Tuesday, November 27, 2012

Serving a custom catch-all web page on a private WiFi

Sometimes you would like to publish a specific private web page for your WiFi users. For example, you want to allow the guests in your restaurant to access the on-line version of your menu while using your open WiFi hotspot (and no other internet web page!). It is an easy task with an OpenWRT or DD-WRT router (your web pages still need to be served from a server, not the router itself). This might be known with the keywords catch-all, wildcard, HTTP, DNS.

First we need to make sure we catch all DNS requests and return the IP of our web server for all different domains. The trick is in an additional DNSMasq configuration option (192.168.1.5 is your web server):
address=/#/192.168.1.5
Of course, your DHCP server should give only your DNS as the DNS server to the client. And this is all we need if the router is not connected to internet as any other hacking (e.g. entering a custom DNS server on the client or trying to use a VPN) will have no effect. But you may still enable the HTTP redirect in DD-WRT firmware just to be sure to catch the IP only web requests also.

When all domains are redirected to our IP address we need to instruct the web server to serve the same page for all requests (ignoring the Host header) which is pretty easy and the most common default configuration. But for visual effect you can server your page on myrestaurant.com (it doesn't matter if the domain exists or not as long as you use it only inside your internal network) and force a http redirect to it if a guest is trying to access any other domain (e.g. facebook.com or google.com). A hint for Apache users (others should google for "http redirect 301" and your web server name):
Redirect 301 / http://www.newdomain.com/

Of course it is highly recommended not to use this wireless network for anything else as it will look bogus from users perspective (web pages not loading etc.). Use a firewall or do not connect the router to internet at all.

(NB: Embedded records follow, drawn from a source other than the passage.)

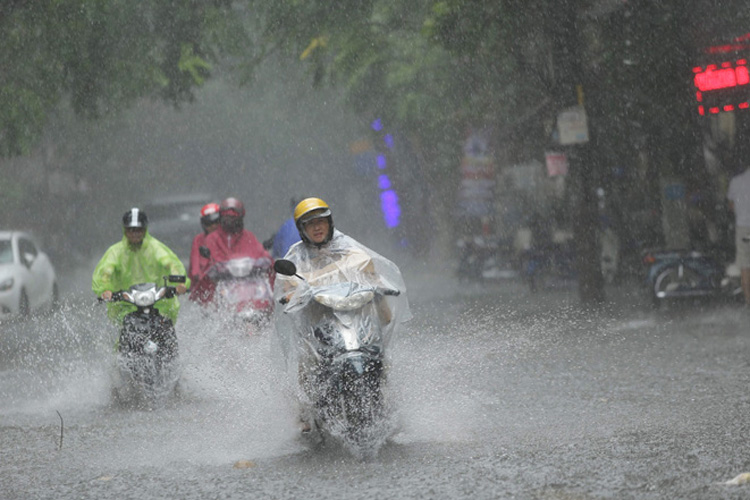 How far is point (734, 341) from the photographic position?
491 inches

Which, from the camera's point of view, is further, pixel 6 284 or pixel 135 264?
pixel 6 284

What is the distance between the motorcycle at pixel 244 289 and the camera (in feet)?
37.1

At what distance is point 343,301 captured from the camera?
716 centimetres

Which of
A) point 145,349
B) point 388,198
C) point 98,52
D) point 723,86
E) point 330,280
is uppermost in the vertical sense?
point 98,52

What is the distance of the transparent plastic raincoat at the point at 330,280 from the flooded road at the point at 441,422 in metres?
0.24

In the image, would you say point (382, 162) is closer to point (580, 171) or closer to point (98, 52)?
point (580, 171)

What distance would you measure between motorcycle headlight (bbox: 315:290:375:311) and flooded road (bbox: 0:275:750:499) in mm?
637

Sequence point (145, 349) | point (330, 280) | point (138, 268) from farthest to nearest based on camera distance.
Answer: point (138, 268), point (145, 349), point (330, 280)

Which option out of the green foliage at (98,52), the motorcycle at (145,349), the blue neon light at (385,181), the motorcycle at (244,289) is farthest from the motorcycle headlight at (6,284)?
the blue neon light at (385,181)

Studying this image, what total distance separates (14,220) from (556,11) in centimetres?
2627

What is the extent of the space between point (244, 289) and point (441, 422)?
11.6ft

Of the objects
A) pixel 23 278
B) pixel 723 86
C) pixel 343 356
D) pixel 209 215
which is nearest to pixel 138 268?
pixel 209 215

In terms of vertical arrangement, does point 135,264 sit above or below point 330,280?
above

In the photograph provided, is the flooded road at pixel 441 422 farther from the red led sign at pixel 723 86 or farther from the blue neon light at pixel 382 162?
the blue neon light at pixel 382 162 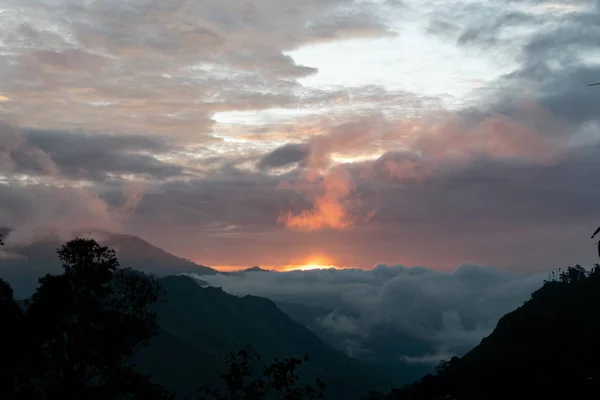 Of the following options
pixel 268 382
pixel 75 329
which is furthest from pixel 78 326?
pixel 268 382

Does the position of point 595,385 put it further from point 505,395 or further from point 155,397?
point 155,397

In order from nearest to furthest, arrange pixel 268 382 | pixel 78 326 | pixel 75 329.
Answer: pixel 268 382 → pixel 75 329 → pixel 78 326

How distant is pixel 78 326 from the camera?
60438 millimetres

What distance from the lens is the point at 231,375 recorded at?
23781mm

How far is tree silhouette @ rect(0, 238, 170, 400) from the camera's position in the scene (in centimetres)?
5622

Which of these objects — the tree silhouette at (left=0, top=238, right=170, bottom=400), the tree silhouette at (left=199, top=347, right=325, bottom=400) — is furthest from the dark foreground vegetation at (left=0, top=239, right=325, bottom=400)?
the tree silhouette at (left=199, top=347, right=325, bottom=400)

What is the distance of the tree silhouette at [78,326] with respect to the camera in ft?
184

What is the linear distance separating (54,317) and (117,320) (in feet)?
23.0

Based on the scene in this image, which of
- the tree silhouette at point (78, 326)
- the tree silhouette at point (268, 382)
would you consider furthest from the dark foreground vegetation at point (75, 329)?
the tree silhouette at point (268, 382)

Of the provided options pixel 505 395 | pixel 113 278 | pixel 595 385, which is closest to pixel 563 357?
pixel 505 395

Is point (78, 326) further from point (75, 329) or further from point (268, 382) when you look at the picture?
point (268, 382)

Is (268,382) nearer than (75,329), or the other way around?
(268,382)

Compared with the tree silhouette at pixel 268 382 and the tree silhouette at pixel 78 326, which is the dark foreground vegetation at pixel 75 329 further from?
the tree silhouette at pixel 268 382

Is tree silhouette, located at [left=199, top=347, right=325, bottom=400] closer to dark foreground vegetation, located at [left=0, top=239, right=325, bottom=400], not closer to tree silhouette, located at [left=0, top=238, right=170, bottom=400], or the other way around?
dark foreground vegetation, located at [left=0, top=239, right=325, bottom=400] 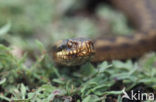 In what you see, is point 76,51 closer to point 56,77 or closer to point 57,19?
point 56,77

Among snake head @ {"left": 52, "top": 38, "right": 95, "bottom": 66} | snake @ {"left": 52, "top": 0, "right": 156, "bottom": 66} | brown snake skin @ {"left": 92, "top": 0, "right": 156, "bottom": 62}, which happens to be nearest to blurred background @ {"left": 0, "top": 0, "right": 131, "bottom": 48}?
snake @ {"left": 52, "top": 0, "right": 156, "bottom": 66}

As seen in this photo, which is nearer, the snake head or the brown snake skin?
the snake head

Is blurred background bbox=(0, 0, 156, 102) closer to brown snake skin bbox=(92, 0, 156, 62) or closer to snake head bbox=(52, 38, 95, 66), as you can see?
snake head bbox=(52, 38, 95, 66)

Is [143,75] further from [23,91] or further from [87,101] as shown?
[23,91]

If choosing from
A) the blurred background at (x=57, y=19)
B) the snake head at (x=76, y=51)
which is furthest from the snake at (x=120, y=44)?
the blurred background at (x=57, y=19)

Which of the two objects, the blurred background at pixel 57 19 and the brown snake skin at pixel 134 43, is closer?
the brown snake skin at pixel 134 43

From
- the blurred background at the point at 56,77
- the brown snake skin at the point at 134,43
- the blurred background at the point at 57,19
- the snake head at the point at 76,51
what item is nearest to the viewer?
the blurred background at the point at 56,77

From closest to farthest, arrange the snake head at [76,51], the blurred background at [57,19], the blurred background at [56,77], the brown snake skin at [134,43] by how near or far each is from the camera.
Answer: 1. the blurred background at [56,77]
2. the snake head at [76,51]
3. the brown snake skin at [134,43]
4. the blurred background at [57,19]

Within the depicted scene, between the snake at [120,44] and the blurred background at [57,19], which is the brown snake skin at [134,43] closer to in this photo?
the snake at [120,44] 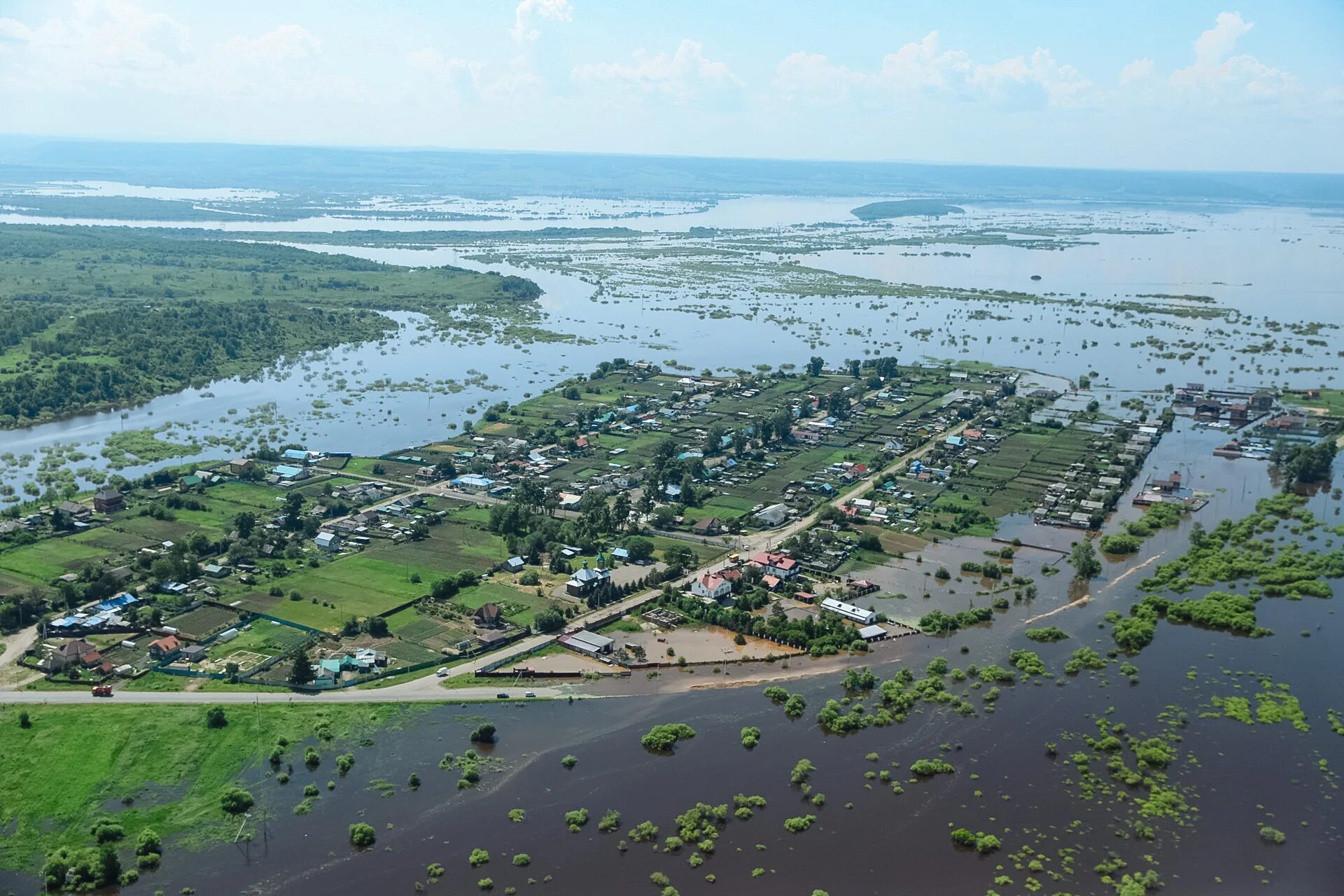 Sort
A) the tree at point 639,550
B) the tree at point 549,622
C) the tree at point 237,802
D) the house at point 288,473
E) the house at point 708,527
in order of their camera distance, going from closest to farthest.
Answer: the tree at point 237,802 → the tree at point 549,622 → the tree at point 639,550 → the house at point 708,527 → the house at point 288,473

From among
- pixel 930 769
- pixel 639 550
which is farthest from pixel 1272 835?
pixel 639 550

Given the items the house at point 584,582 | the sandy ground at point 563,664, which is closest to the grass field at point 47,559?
the house at point 584,582

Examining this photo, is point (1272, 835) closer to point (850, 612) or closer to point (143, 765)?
point (850, 612)

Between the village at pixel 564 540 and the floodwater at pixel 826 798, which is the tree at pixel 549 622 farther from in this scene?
the floodwater at pixel 826 798

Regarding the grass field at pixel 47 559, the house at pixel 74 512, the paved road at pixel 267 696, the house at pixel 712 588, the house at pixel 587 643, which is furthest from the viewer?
the house at pixel 74 512

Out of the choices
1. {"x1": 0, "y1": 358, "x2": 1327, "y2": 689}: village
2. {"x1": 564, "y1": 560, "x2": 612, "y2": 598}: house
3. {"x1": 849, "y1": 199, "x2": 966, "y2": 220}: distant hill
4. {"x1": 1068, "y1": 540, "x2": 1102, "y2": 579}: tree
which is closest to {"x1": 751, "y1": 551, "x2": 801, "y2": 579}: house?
{"x1": 0, "y1": 358, "x2": 1327, "y2": 689}: village

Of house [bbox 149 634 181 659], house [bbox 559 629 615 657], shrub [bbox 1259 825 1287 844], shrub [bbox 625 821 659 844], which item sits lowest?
shrub [bbox 625 821 659 844]

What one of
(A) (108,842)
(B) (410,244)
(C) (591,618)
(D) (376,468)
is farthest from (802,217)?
(A) (108,842)

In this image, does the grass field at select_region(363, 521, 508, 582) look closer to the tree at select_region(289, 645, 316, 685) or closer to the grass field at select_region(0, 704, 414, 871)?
the tree at select_region(289, 645, 316, 685)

Resources for DNSMasq configuration:

http://serverfault.com/questions/351108/using-dnsmasq-to-resolve-all-hosts-to-the-same-address
http://www.dd-wrt.com/wiki/index.php/DNSMasq_-_DNS_for_your_local_network_-_HOWTO
http://coolaj86.info/articles/redirect-domains-and-dns-using-dd-wrt.html

WARNING: this guide is not yet tested but in theory it should work. This warning will be removed when I actually test it (or get a confirmation that it works).